Your task: Would you set down the data that follows, word for word, without any pictures?

Data shown:
=== Section Start ===

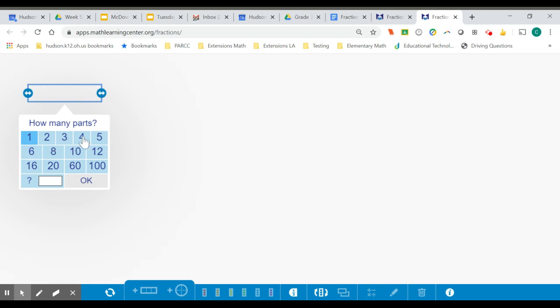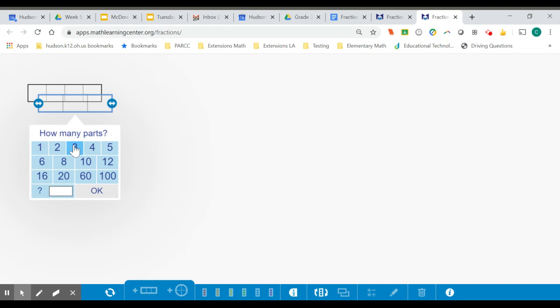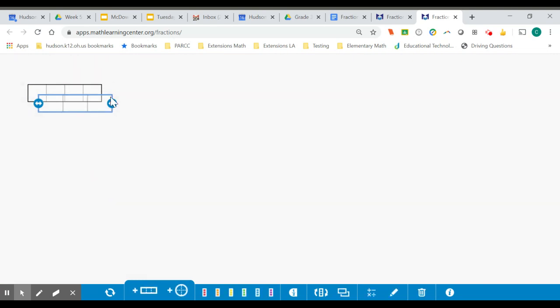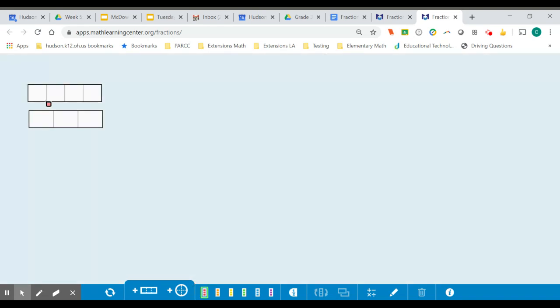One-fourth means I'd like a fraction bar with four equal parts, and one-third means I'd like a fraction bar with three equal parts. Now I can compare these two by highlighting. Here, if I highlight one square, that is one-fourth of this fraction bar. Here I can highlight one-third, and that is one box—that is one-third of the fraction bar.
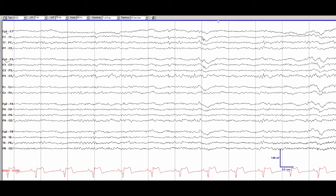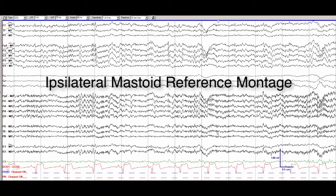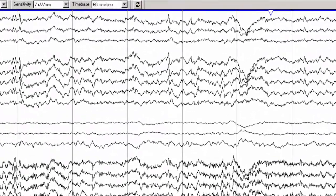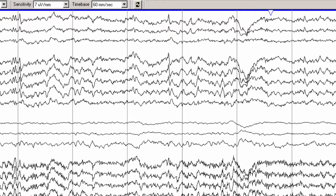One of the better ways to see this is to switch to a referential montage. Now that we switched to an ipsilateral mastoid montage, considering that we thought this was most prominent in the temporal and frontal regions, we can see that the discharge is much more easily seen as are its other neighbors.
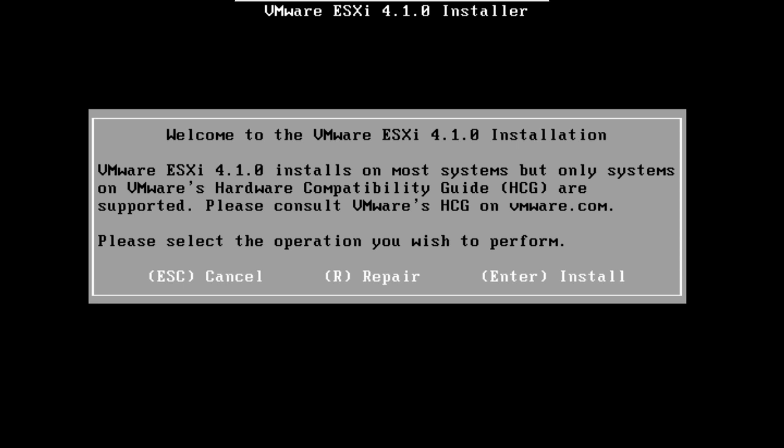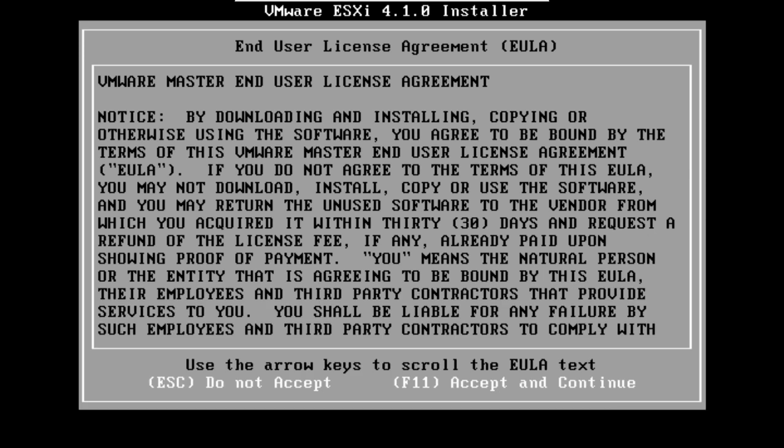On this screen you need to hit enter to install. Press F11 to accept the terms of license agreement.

=== Section End ===

Solution:
One-fourth means I'd like a fraction bar with four equal parts, and one-third means I'd like a fraction bar with three equal parts. Now I can compare these two by highlighting. Here, if I highlight one square, that is one-fourth of this fraction bar. Here I can highlight one-third, and that is one box—that is one-third of the fraction bar.
One of the better ways to see this is to switch to a referential montage. Now that we switched to an ipsilateral mastoid montage, considering that we thought this was most prominent in the temporal and frontal regions, we can see that the discharge is much more easily seen as are its other neighbors.
On this screen you need to hit enter to install. Press F11 to accept the terms of license agreement.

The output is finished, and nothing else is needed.